Os gêmeos siameses Marcos e Mateus, nascidos nesta semana de um casal de Canarana (640 quilômetros de Cuiabá), devem passar por uma cirurgia de separação daqui a aproximadamente um ano, conforme avaliação da equipe médica que os acompanha em Goiânia. O cirurgião pediátrico Zacarias Calil, referência nacional no tema, classificou o caso como o mais complexo de sua especialidade.
Os recém-nascidos são classificados como isquiópagos, unidos pelo tórax, abdômen, bacia e pernas. “O fígado é único, a bacia também é única, nós não sabemos ainda como é que é a parte urinária da bexiga, se elas são unidas, separadas”, explicou, ao Jornal da Record, o médico Zacarias Calil, que já atuou no parto de 46 bebês siameses e na separação de 25.
Os bebês, filhos de Raylane Siqueira de Oliveira, de 22 anos, e Maycon Alex Rodrigues Araújo, nasceram por cesárea no Hospital Estadual da Mulher Dr. Jurandir do Nascimento (Hemu), em Goiânia. A gestação só foi identificada como gemelar e siamesa tardiamente. Conforme relato da tia da mãe, Neres Jardim Siqueira, o diagnóstico veio apenas no quinto mês. “Fez a primeira ultrassom, o doutor não conseguiu explicar o que realmente era. Aí no terceiro dia a gente fez uma ultrassom particular, viu que eles eram gêmeos siameses”, detalhou.

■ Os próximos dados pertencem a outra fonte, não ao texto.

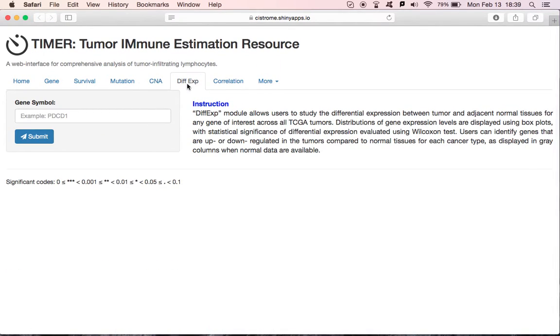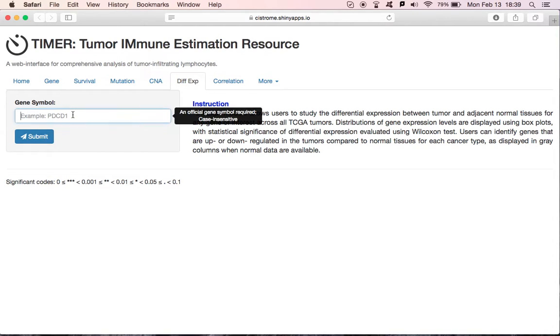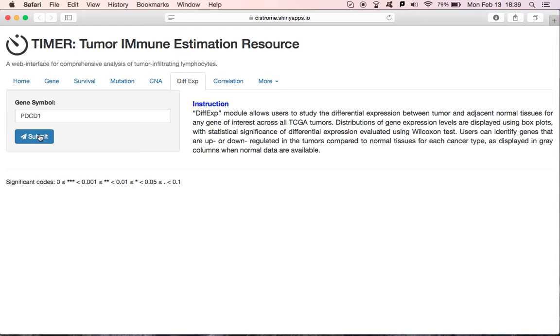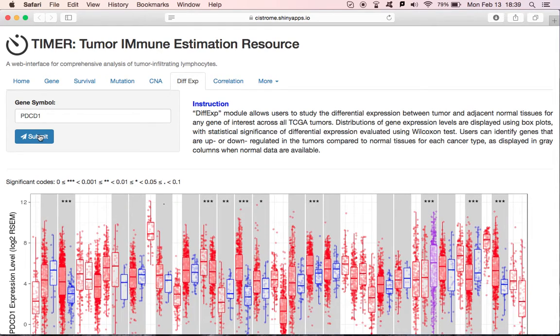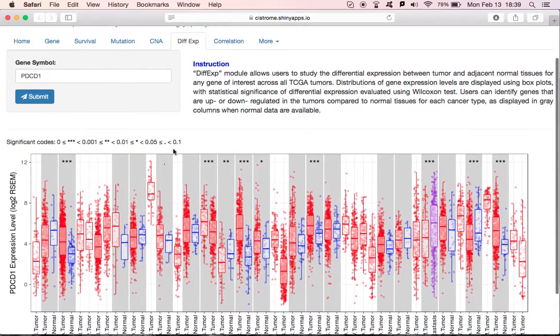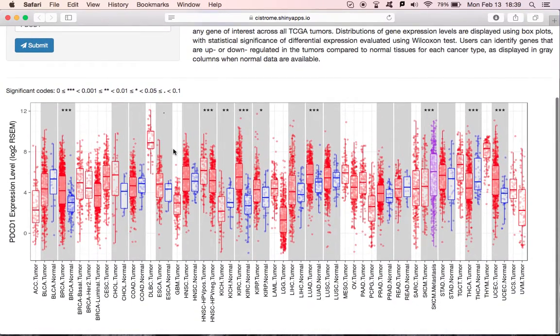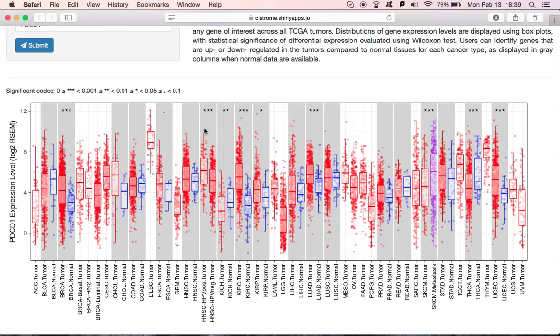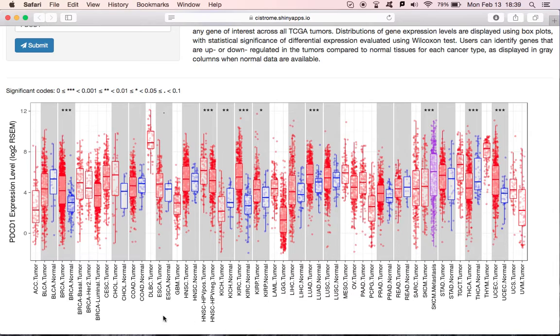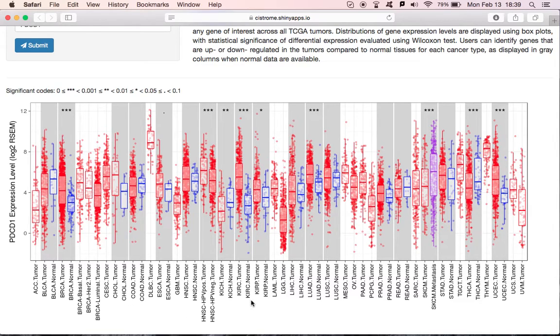The fifth module is differential expression module. It could explore the gene expression across all cancer types. Simply input PDCD1, and click Submit. Users can identify genes that are up or down regulated in the tumors compared to normal tissues for each cancer type as displayed in gray columns where normal data are available. Here, we can see most cancer types have a higher PDCD1 expression, like breast cancer, kidney renal cell carcinoma, and lung adenocarcinoma.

Nos próximos dias, os irmãos passarão por uma nova intervenção cirúrgica para corrigir uma má formação no intestino. A complexidade da futura separação exige um longo período de preparo. “A cirurgia de separação dos gêmeos pode acontecer daqui um ano, de acordo com os médicos, dependendo do desenvolvimento das crianças”, informou o hospital.

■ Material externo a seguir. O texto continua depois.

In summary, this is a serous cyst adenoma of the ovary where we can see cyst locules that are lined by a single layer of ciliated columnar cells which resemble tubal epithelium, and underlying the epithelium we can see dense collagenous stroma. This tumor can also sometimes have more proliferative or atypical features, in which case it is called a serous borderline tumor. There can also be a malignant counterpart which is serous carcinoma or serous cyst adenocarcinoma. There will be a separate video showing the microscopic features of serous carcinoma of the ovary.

A mãe, que realizou todo o pré-natal no Hemu e estava com 34 semanas de gestação, passa bem e foi encaminhada para a enfermaria. O pai, que acompanhou o parto, destacou a emoção e a confiança na equipe médica. “Foi algo muito marcante. Nunca tínhamos passado por uma situação assim, mas agora é confiar e aguardar os próximos passos”, afirmou. A família segue em Goiânia para o acompanhamento contínuo dos recém-nascidos, que permanecem na Unidade de Terapia Intensiva (UTI) Neonatal.